• _TASK INSTRUCTIONS_
Print the lines in the listing below that fall between the line with "Used 2023 Ford Bronco Outer Banks image 11" and the line with "VIDEO FOTO O", those two lines included, exactly as they stand and with nothing else.

• _DATA PROVIDED_
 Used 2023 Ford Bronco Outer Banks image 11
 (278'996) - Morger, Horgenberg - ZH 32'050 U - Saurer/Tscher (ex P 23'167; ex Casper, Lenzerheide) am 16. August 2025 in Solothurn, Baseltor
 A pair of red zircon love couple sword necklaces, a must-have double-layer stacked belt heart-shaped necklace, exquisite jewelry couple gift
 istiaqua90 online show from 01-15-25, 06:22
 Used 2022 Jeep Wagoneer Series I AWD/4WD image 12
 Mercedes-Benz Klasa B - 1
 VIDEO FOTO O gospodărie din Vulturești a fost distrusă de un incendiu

==

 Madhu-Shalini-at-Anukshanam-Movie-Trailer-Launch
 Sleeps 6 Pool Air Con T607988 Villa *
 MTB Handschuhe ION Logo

==

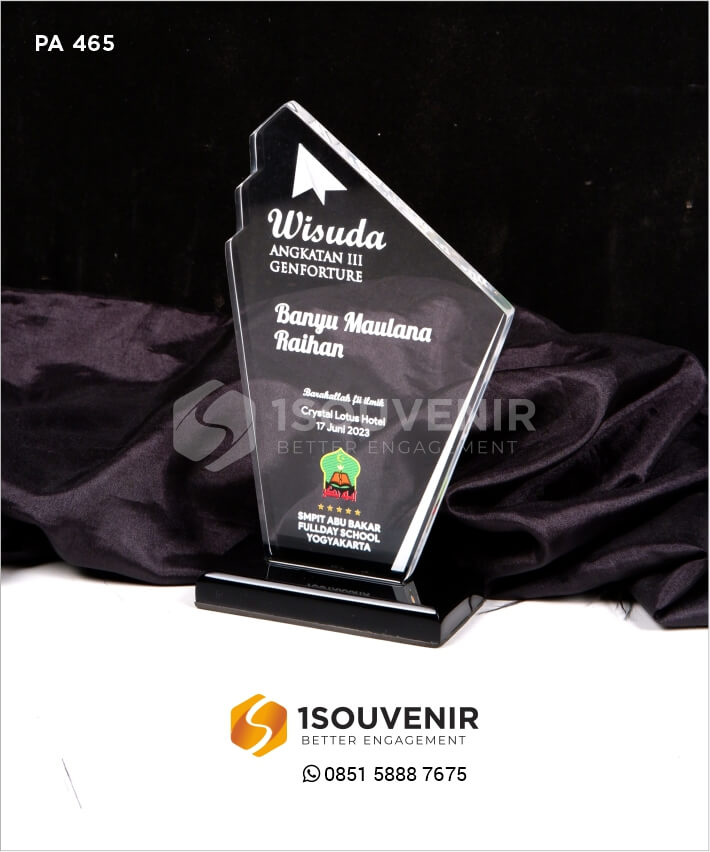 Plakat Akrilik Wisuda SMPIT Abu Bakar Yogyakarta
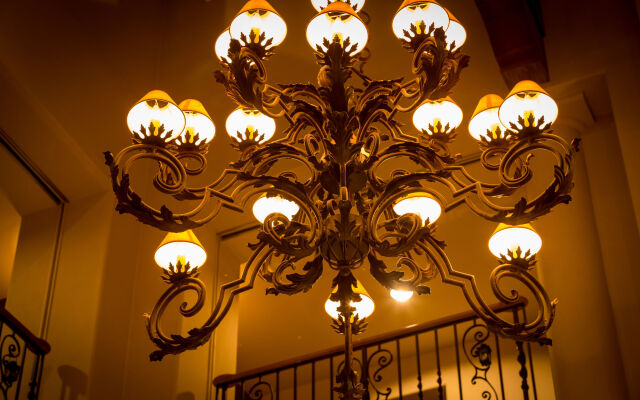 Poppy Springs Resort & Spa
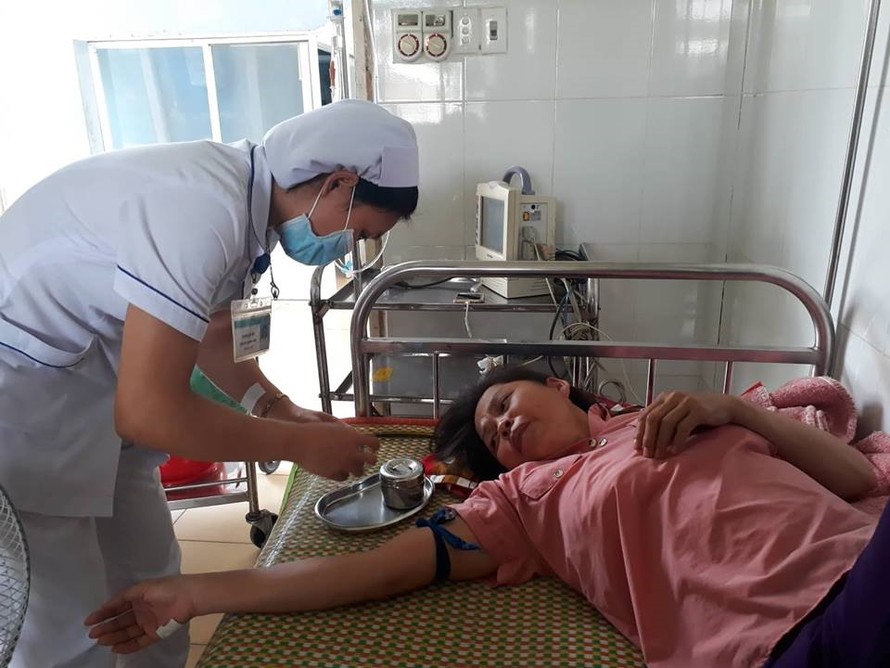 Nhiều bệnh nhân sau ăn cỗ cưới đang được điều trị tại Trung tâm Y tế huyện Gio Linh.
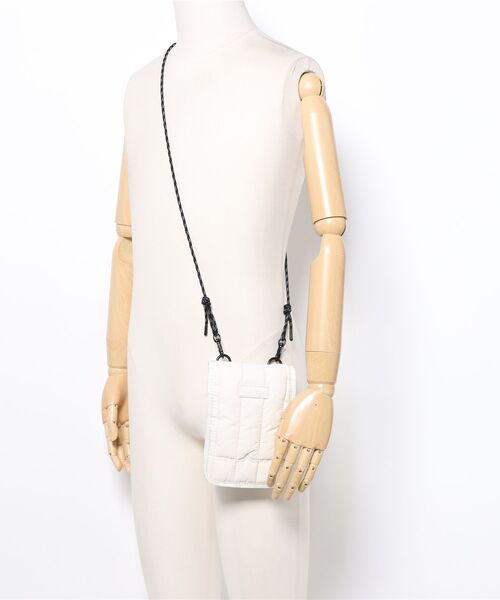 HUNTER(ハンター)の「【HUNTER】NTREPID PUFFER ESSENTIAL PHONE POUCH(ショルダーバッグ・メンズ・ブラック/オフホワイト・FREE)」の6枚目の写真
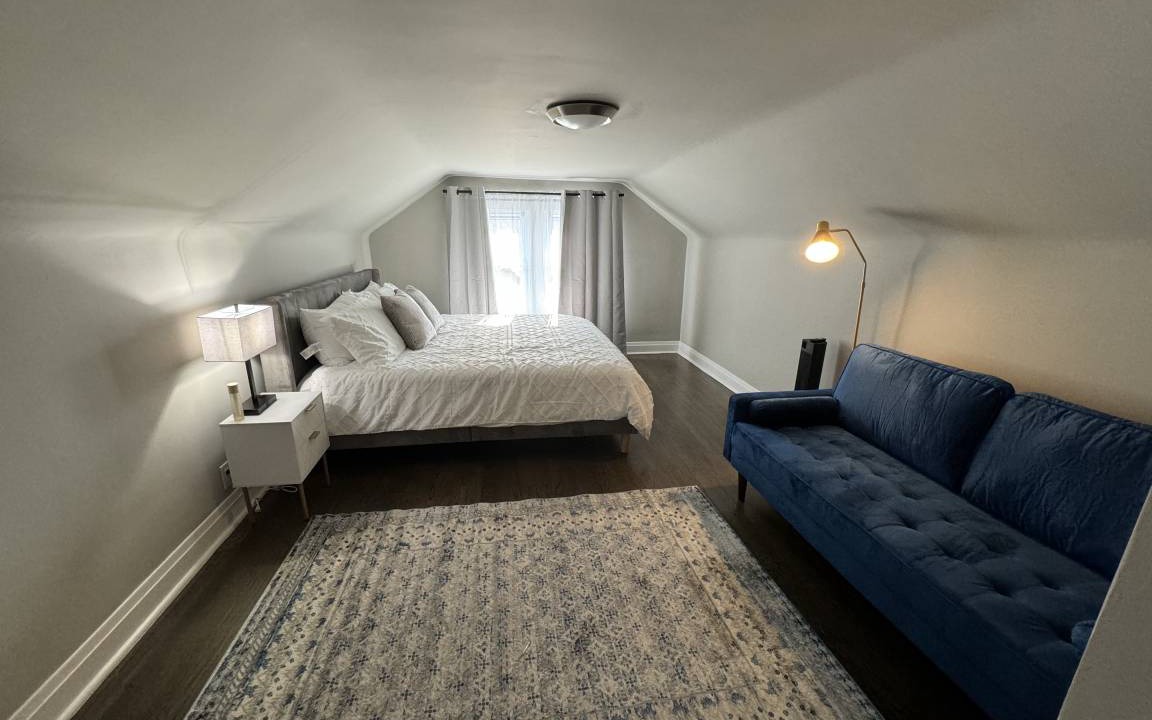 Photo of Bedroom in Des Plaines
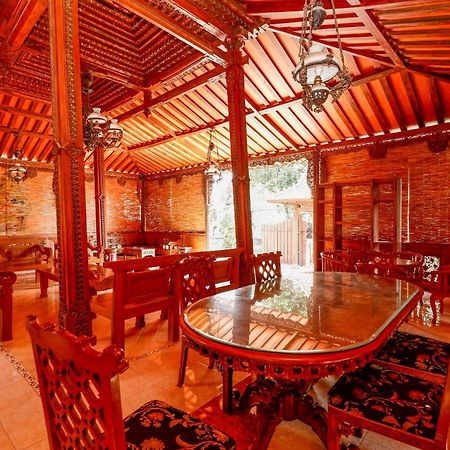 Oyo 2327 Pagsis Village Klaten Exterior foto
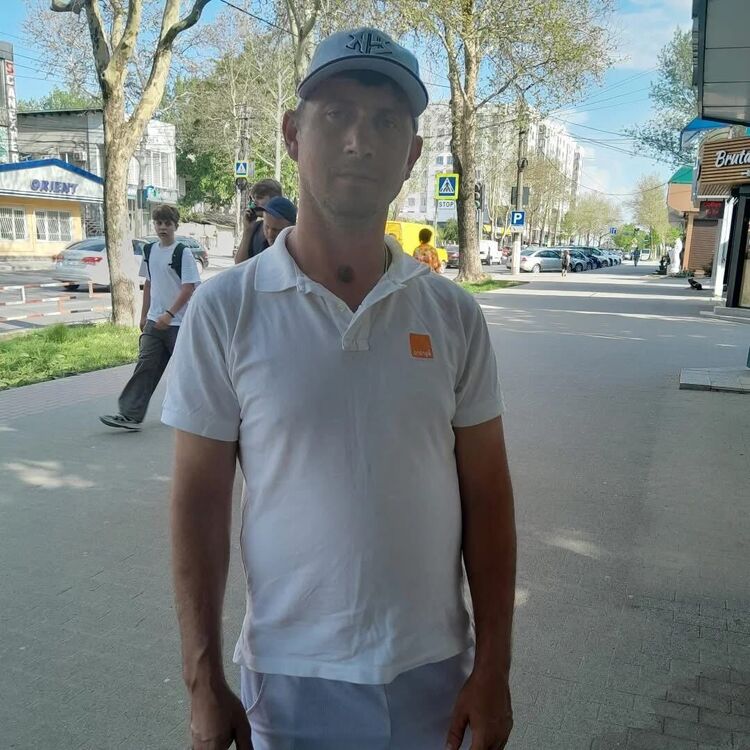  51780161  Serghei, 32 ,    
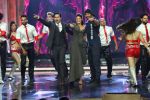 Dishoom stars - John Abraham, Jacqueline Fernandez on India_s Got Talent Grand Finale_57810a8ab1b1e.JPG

• _RESULT BELOW_
 Used 2023 Ford Bronco Outer Banks image 11
 (278'996) - Morger, Horgenberg - ZH 32'050 U - Saurer/Tscher (ex P 23'167; ex Casper, Lenzerheide) am 16. August 2025 in Solothurn, Baseltor
 A pair of red zircon love couple sword necklaces, a must-have double-layer stacked belt heart-shaped necklace, exquisite jewelry couple gift
 istiaqua90 online show from 01-15-25, 06:22
 Used 2022 Jeep Wagoneer Series I AWD/4WD image 12
 Mercedes-Benz Klasa B - 1
 VIDEO FOTO O gospodărie din Vulturești a fost distrusă de un incendiu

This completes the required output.